No true Irish story is complete without treachery from within. The White Hand Gang, featured in the Auld Irishtown trilogy, has many outside forces putting pressure on them, but the biggest source of tension comes from it’s own members. In this story, William “Wild Bill” Lovett personifies this classic Irish dilemma.
From what we know about him, he is seen either as a great leader, or a ruthless drunk with an incredibly wild temper.
Before Liam Garrity, the trilogy’s narrator, arrives in Brooklyn in 1915, we learn that Lovett grew up close with the Lonergan family. At a young age, he was leader of the Jay Street Gang in Brooklyn. Some of Lovett’s followers include Non Connors, brothers Pickles & Darby Leighton, the Frankie Byrne Gang and others.
(Listen to The Story of Irishtown here)
The Jay Street Gang, along with so many other gangs before 1913, primarily controlled the streets that connect to the terminals. The Jay Street Gang essentially owned the right to charge laborers tribute at the Jay Street Terminal, but would have paid tribute themselves to Christie Maroney, the leader of Irishtown at the time.

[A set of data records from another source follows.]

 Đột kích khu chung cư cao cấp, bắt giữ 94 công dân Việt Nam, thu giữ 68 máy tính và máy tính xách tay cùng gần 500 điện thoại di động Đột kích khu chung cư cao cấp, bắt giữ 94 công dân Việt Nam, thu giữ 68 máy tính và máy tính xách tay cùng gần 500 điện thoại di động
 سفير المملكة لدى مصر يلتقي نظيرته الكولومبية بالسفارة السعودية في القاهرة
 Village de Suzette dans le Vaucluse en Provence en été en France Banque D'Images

(Note: Maroney, a gold-toothed pimp and bartender, was engaged in nefarious dealings such as prostitution, gambling, drugs and was allowing the Italian Black Hand into Irishtown, ruining it’s prized history of keeping outsiders, well, out).
In a violent takeover, Dinny Meehan organizes the murder of Maroney by including one of Bill Lovett’s followers, Pickles Leighton, so that he could bring the Jay Street Gang in line with The White Hand.

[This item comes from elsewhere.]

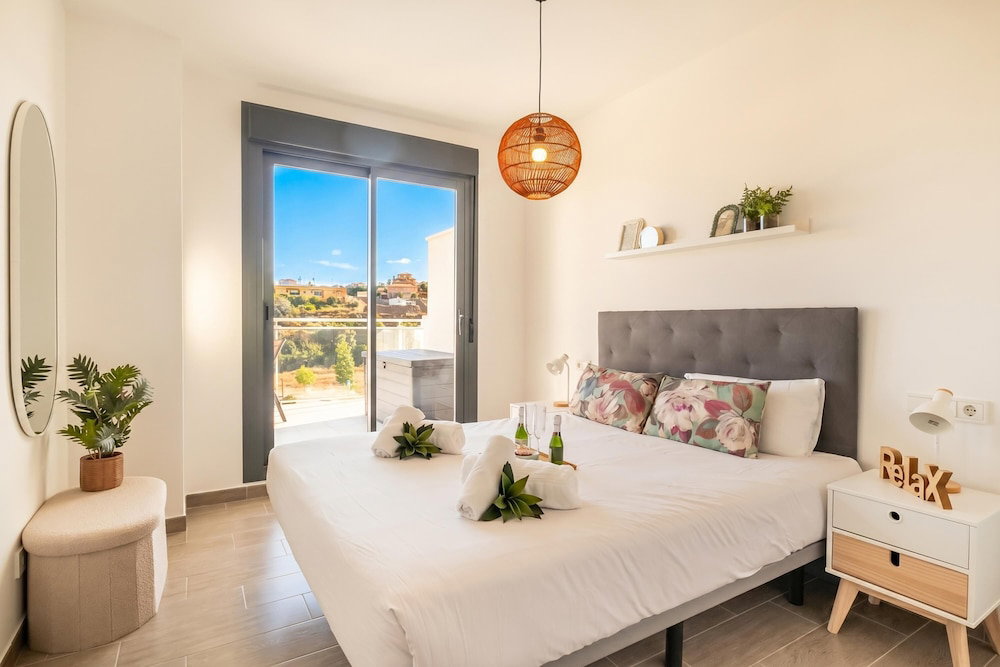 Hotel Luxury La Cala With Pool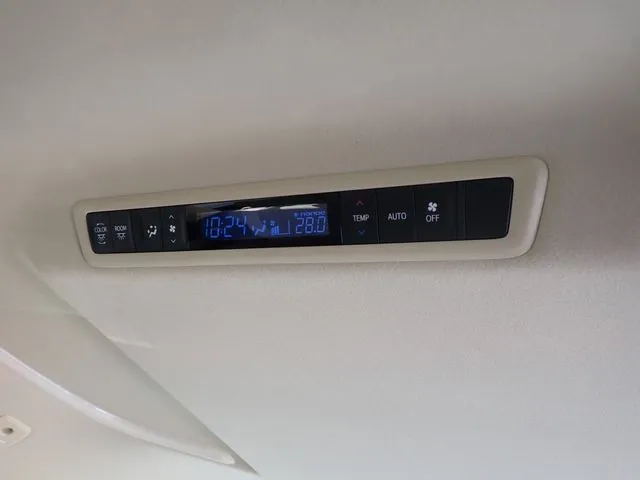 アルファード ハイブリッド 4WD(トヨタ)の車両写真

Then something crazy happens. In the sensational trial for the murder of Maroney, Pickles Leighton is actually indicted and sent to Sing Sing in 1913 while the other three charged (Dinny Meehan, Vincent Maher and McGowan) are set free.
Released, Meehan demands everyone in Irishtown work together under his umbrella gang, The White Hand, for which they will pay him tribute at his headquarters above the saloon called The Dock Loaders’ Club on Bridge Street. In return, Meehan is naming the most loyal to him as dockbosses to the gang’s port terminals. These dockbosses will make very good money, stabilize the labor racket under the Irish and will be treated with respect. But first, the Italians will have to be dealt with, as the Black Hand has been taking advantage of the death of Irishtown’s leader, Maroney, and trying to take over the docks.
(To read about the real life Bill Lovett, go here, but there are mistakes in his biography on wikipedia)
Remember all of this chronologically occurred before Light of the Diddicoy and Liam Garrity’s arrival.
Having already spurned him by double-crossing Pickles Leighton, a Jay Street Gang member, 19 year-old Bill Lovett must have been weary of Meehan’s offer to join The White Hand.
In the meantime, however, Dinny appoints his most-trusted friend McGowan as the dockboss of Red Hook until McGowan is charged with another crime and sent to Sing Sing himself. Dinny Meehan now needs a new dockboss in Red Hook tough enough to keep the Italian Black Hand of South Brooklyn from crossing the Gowanus Canal into White Hand territory. The nasty, Italian-hating Bill Lovett is who he wants.
Quote from Light of the Diddicoy:
“Dinny was accommodating and courting and respectful, and offered Bill both security and a stable income, not to mention the two fierce gangs wouldn’t have to go to war, which Dinny reminded Lovett could only end in the Jay Street Gang’s demise since the Whitehanders had so many more men.”
So Lovett’s gang was essentially forced into joining The White Hand and took over as dockboss of Red Hook, the most dangerous area in The White Hand’s territory.
Watch a video trailer of Exile on Bridge Street:
In Sing Sing though, McGowan is beaten to death by a “Screw” (a.k.a. prison guard). Everyone in the gang knows who ordered McGowan killed, but no one can say it. Bill Lovett. With his old follower Pickles Leighton (who was framed by Meehan) in Sing Sing, the two paid a guard to kill McGowan, Dinny Meehan’s childhood friend.
Now, Bill Lovett is entrenched as the dockboss of Red Hook and seems to have made all the right moves to one day take the gang over from within it.
But all of this, just as a reminder, happens ahead of Light of the Diddicoy. In fact, the first time McGowan’s name is ever mentioned in the book is when he’s already dead. But as we know about Irish history, the dead speak to us, and McGowan haunts throughout the Auld Irishtown trilogy.